For its intended purposes, the Ampligame A8 works wonderfully. It has a clear, neutral sound that seems to have a very flat EQ curve, meaning that it’s not changing anything in the sound of your voice. What you’re saying is exactly what your friends in voice chat will hear, even if it’s implications about their matronly relations.
The microphone has a great sound that you could use for a variety of uses beyond voice chat as well, like recording a podcast or doing voice-overs. It’s aimed at gamers who want to voice chat, but the device is pretty versatile, especially with its Mac and iPad compatibility.
If you’d like to hear what the microphone sounds like yourself, here is me reading the previous three paragraphs, recorded on the Ampligame A8 using Audacity. Enjoy my terrible voice-over abilities.
My one criticism of the Ampligame A8’s sound performance is that the microphone is not very sensitive. As long as you have the microphone within a foot of your mouth, it sounds great and you’ll have no issues, but if you want to have the microphone more than three feet from your face, you’ll start to sound quiet to your Discord homies no matter what you do.
The FIFINE Ampligame A8 can be had for under $50 before taxes and shipping, and for that price, it is a fantastic device that I can easily recommend. It performs well, it looks great, and it has a lot of useful features that some expensive microphones don’t. Fifine has a $70 kit that includes the microphone and a boom arm, and I would highly recommend this kit if you can afford the extra money.

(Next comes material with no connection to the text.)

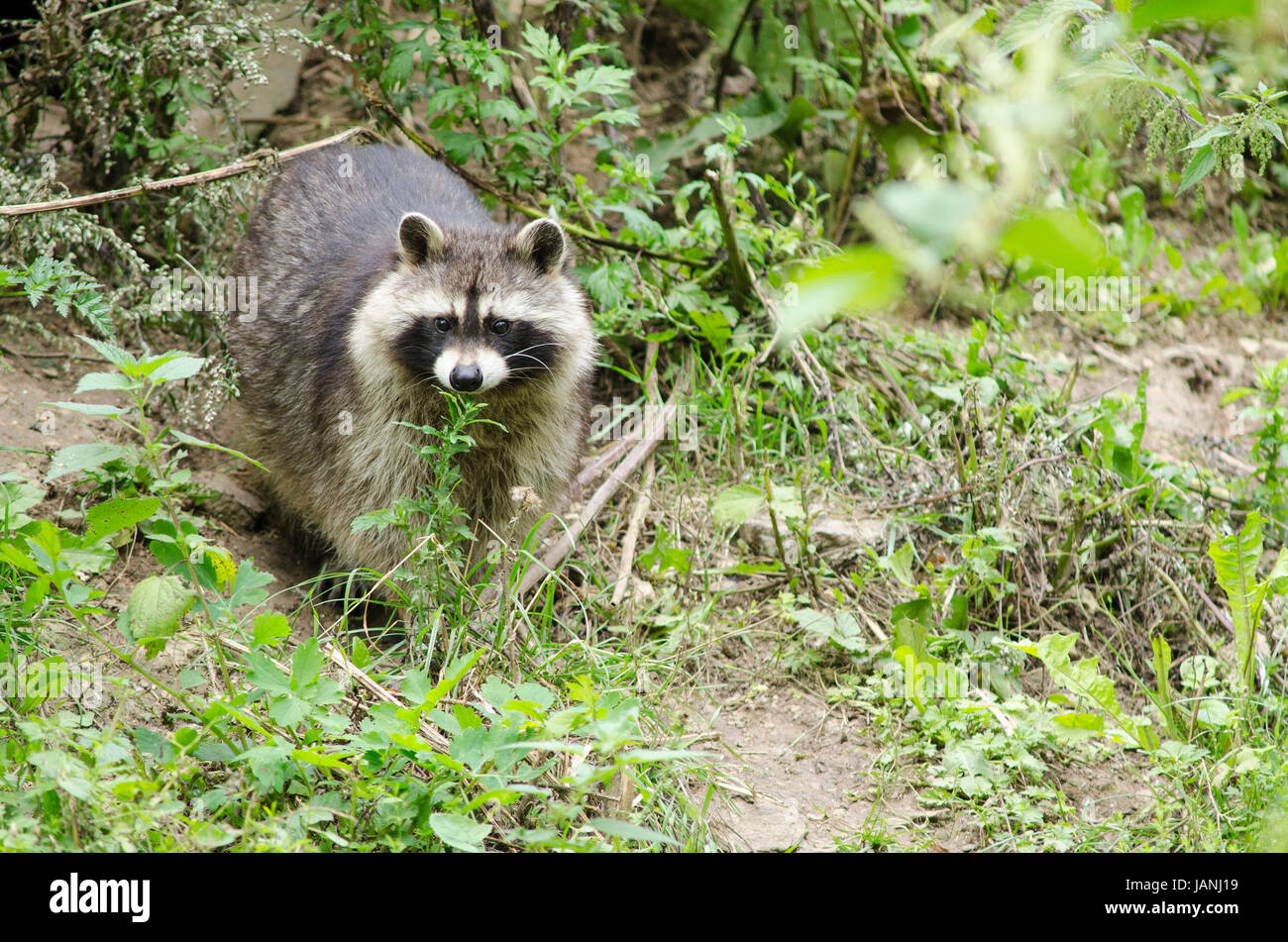 Raccoon walking through a green meadow and looking around Stock Photo ...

Even a cheap boom arm will make your microphone setup much more clean, much more useful, and much more user-friendly.
When I received this product, I was skeptical, and I was ready to write the device off as manufactured e-waste designed to make money off a fad. What I found after giving it a serious shot is a microphone that I liked enough to start recommending to people. It turns out that some manufacturers really do care, and they do want to make a good product. Well done, FIFINE.